What is expected: Set the listing down again in full, word for word, with the pictures left out.

Data section:
......

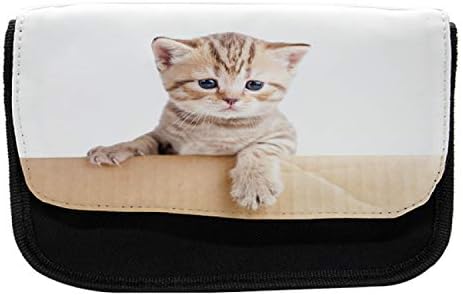 Caixa de lápis de gato lunarável, papelão de gatinho escoce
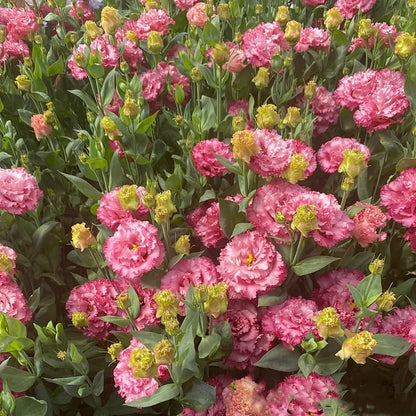 Eustoman siemenet (100 kpl) 💐 Lisianthus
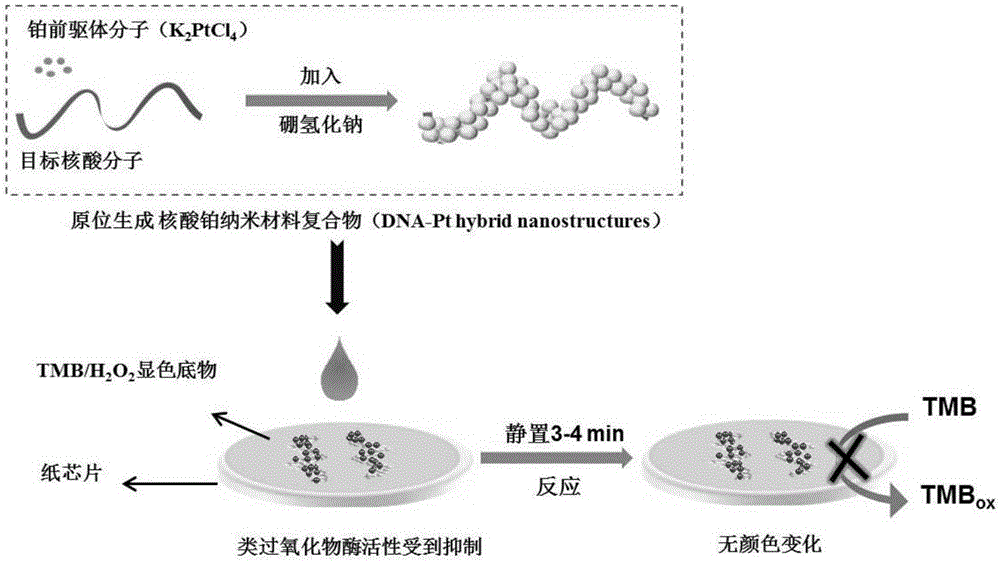 一種利用紙芯片比色分析裝置檢測核酸濃度的方法與流程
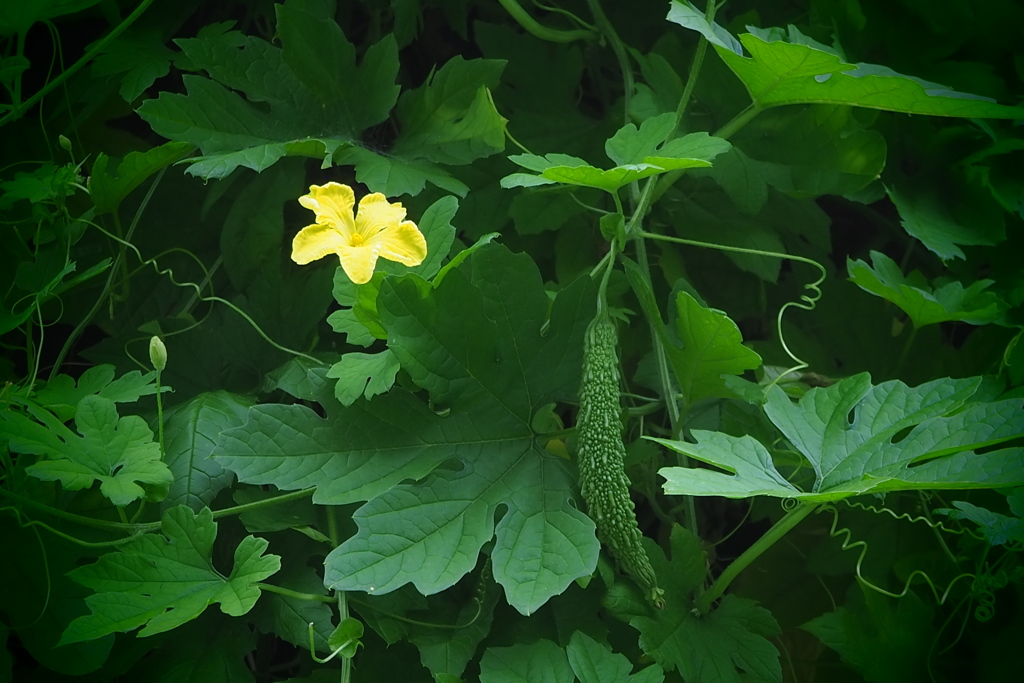 つる覆ふ 日除けのゴーヤ 実をつけて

......

Reply to the exercise:
 Caixa de lápis de gato lunarável, papelão de gatinho escoce
 Eustoman siemenet (100 kpl) 💐 Lisianthus
 一種利用紙芯片比色分析裝置檢測核酸濃度的方法與流程
 つる覆ふ 日除けのゴーヤ 実をつけて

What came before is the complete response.